No Brasil, os ambientalistas começaram primeiramente a se organizar em grupos locais para ampliar o diálogo com setores empresariais e políticos. Um exemplo é a Associação Gaúcha de Proteção ao Ambiente Natural, uma das primeiras comunidades ecológicas do país, criada em 1971. Um de seus fundadores foi o agrônomo José Lutzenberger (1926-2002), que contribuiu na formulação de leis para o controle do uso de agroquímicos no Rio Grande do Sul – o que teve reflexos na Lei Brasileira de Agrotóxicos, de 1989. Ainda na década de 1970, a preocupação com questões de segurança e o impacto ambiental da energia nuclear resultaram na mobilização de ambientalistas e cientistas. ONGs nacionais, como a SOS Mata Atlântica, começam a surgir nos anos 1980.
A consolidação do interesse internacional pelos problemas socioambientais ligados às alterações do clima só ocorreu no início dos anos 1990. O marco desse processo foi a Conferência das Nações Unidas sobre o Meio Ambiente e o Desenvolvimento, a Rio-92. Na ocasião, foi criada a Convenção-Quadro das Nações Unidas sobre a Mudança do Clima. O Painel Intergovernamental sobre Mudanças Climáticas (IPCC) havia sido concebido pela ONU quatro anos antes para sistematizar estudos científicos sobre as mudanças climáticas. “Isso impulsionou a profissionalização do ambientalismo. ONGs passaram a realizar pesquisas, produzir relatórios técnicos e colaborar com universidades e órgãos governamentais em ações de monitoramento”, relata Jacobi.
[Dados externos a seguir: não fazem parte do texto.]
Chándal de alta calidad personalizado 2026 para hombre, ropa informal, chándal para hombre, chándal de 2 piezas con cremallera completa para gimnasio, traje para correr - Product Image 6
A aproximação entre ambientalistas e o poder público também foi fortalecida após a redemocratização, ressalta Crespo, do MCTI. A descentralização dos poderes político e administrativo gerou uma demanda por quadros técnicos para assumir secretarias estaduais e municipais de Meio Ambiente, o que contribuiu para que muitos ambientalistas se tornassem gestores públicos.
Hoje, o ambientalismo brasileiro enfrenta desafios “fora do comum”, avalia Pádua, referindo-se a um “descontrole regulatório inédito”. Ao mesmo tempo, ele vê uma oportunidade para o fortalecimento do movimento. “Em resposta aos ataques que o meio ambiente sofre, destaca-se a defesa de instituições como o Inpe [Instituto Nacional de Pesquisas Espaciais], que faz o monitoramento do desmatamento na Amazônia, e a mobilização mais atuante de organizações ambientais para reforçar a consciência ambiental no país.”